Einzelheiten dazu im Ratsinfoportal (Die Präsentation ist leicht zu finden über die „Recherche“-Funktion, Stichwort Innenentwicklungskataster). Herausheben möchte ich nur folgende Stichpunkte:
- Mit 70 Hektar hat Kempten einen hohen Anteil an großflächigen Parkierungsanlagen, was im Vergleich zu anderen Städten ausgesprochen viel ist.
- Thematisiert wurde auch die (notwendige) Veränderung der Mobilität, unter anderem der Ausbau von Carsharing, um den enormen Flächenverbrauch durch Auto-Infrastruktur einzudämmen.
- Als wichtig erachtet wurde ein Freiraumkonzept, also Räume für Grün, Naherholung, Spiel, Stadtklima. Außerdem wies das Planungsbüro ausdrücklich darauf hin, dass man gerade beim Stadtgrün Kompensation in Form von Dach- und Fassadenbegrünung mitdenken müsse und durchlaufende Grünzüge schaffen sollte.
Vortrag Nummer zwei: Reinhard Beck vom gleichnamigen Ingenieurbüro aus Wuppertal hat – ebenfalls im Auftrag der Stadt Kempten – eine Starkregengefahrenkarte erstellt. Angesichts der zunehmenden Wahrscheinlichkeit von extremen Niederschlagsereignissen durch den Klimawandel ist diese ein unverzichtbares Mittel für die Stadtplanung. Auf der digitalen Karte kann man erkennen, welche Fließwege Regenwasser bei außergewöhnlichen Starkregen-Ereignissen nimmt und wo es sich sammelt. Die Karte soll im neuen Flächennutzungsplan bzw. bei der Bauleitplanung berücksichtigt werden. Auch dieser Vortrag ist im Ratsinfoportal einsehbar (Stichwort Starkregengefahrenkarte).

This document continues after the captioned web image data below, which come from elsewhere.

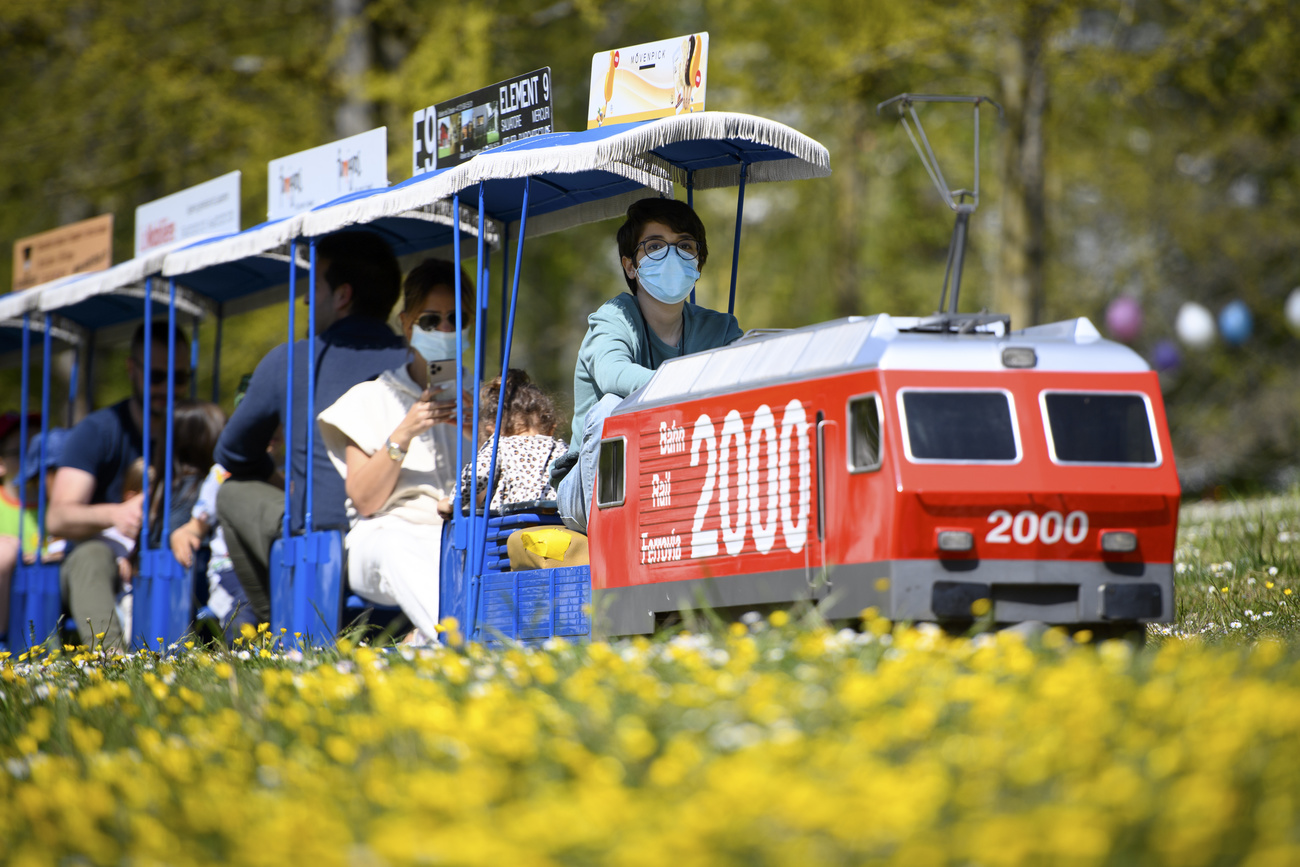 people on a miniature train in Switzerland wear masks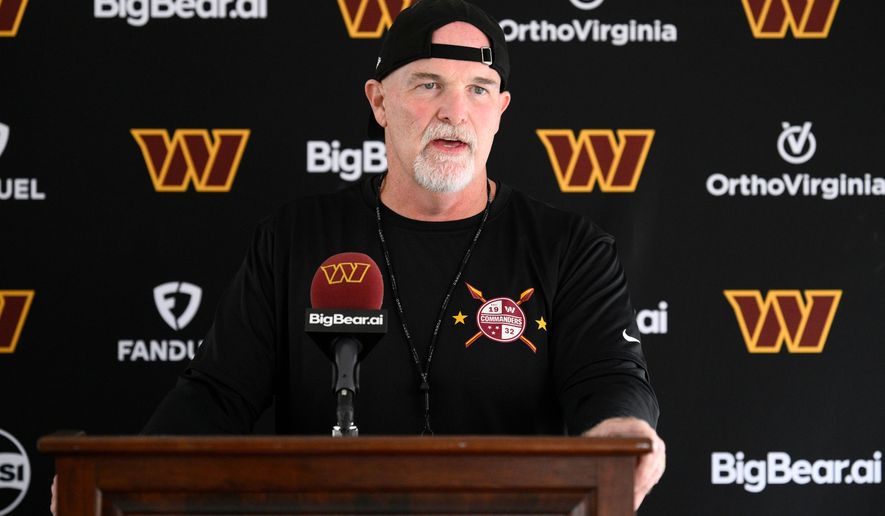 Washington Commanders head coach Dan Quinn speaks to the media before a joint practice with the Miami Dolphins at NFL football training camp, Wednesday, Aug. 12, 2026 in Ashburn, Va. (AP Photo/Nick Wass)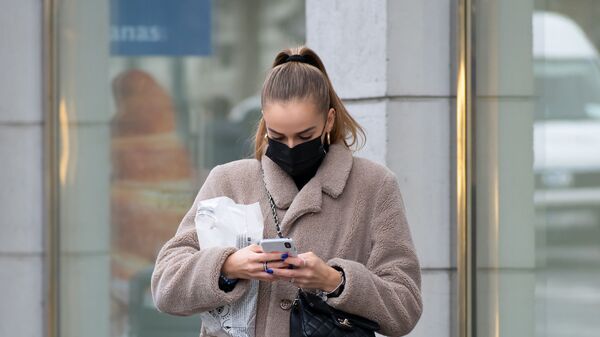 Девушка в защитной маске и мобильным на улице в Вильнюсе - Sputnik Lietuva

Eins zeigt sich deutlich: Die Bedeutung von Stadtgrün oder die Notwendigkeit, möglichst wenige Flächen zu versiegeln, können längst nicht mehr als grüne Spinnereien einiger langhaariger Birkenstockträger abgetan werden. „Grüne Lebensqualität“ und der Klimawandel mit seinen Folgen sind zentrale Themen bei hochseriösen Planungs- und Ingenieurbüros. In der Stadtverwaltung und bei verschiedenen Stadträt*innen ist der Wunsch nach mehr Nachhaltigkeit beim Städtebau erkennbar vorhanden; bleibt zu hoffen, dass sie Gehör finden.